**Exercise directions:** A faithful copy of all the data is required; pictures should not be included.

**Data below:**
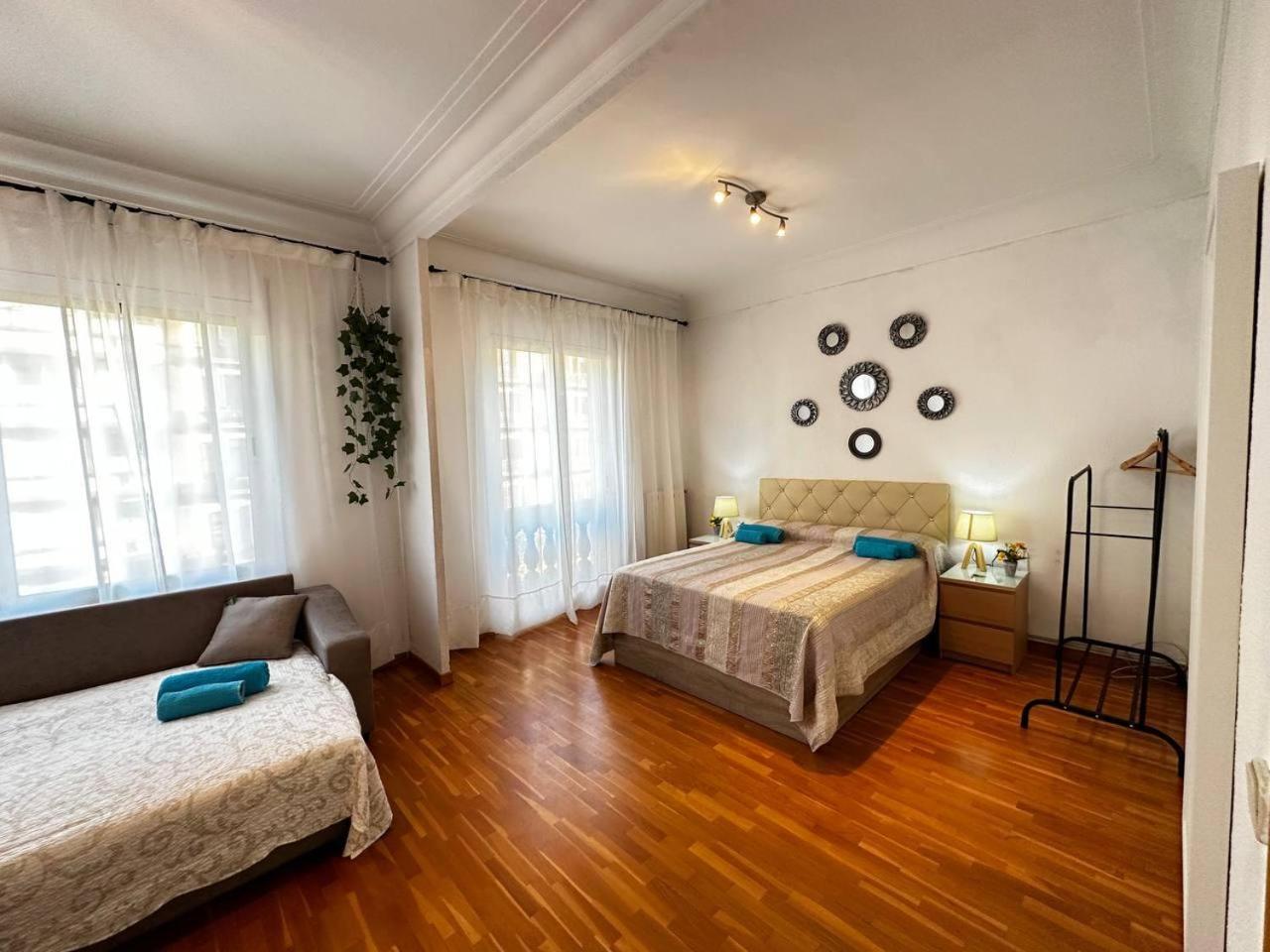 ברצלונה Habitaciones Acogedoras מראה חיצוני תמונה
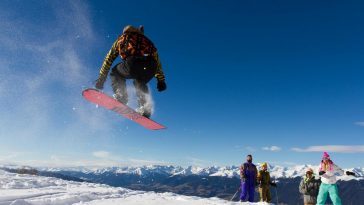 snowboarder springt op besneeuwde berg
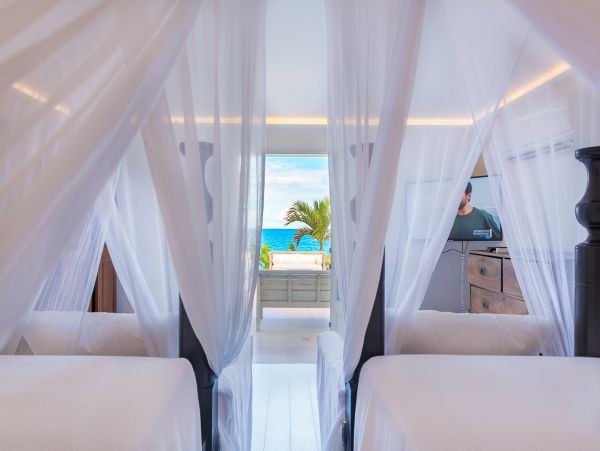 St. Barts Home 985728
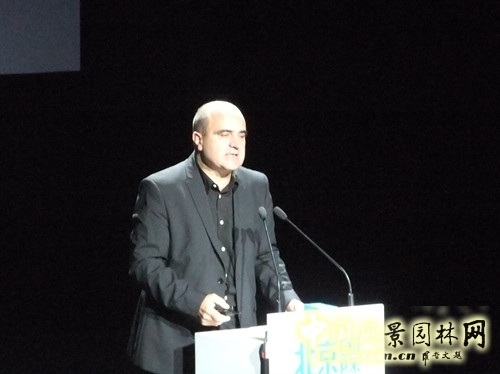 巴塞羅那市首席規(guī)劃師比森特·瓜里亞爾特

**Problem solution:**
 ברצלונה Habitaciones Acogedoras מראה חיצוני תמונה
 snowboarder springt op besneeuwde berg
 St. Barts Home 985728
 巴塞羅那市首席規(guī)劃師比森特·瓜里亞爾特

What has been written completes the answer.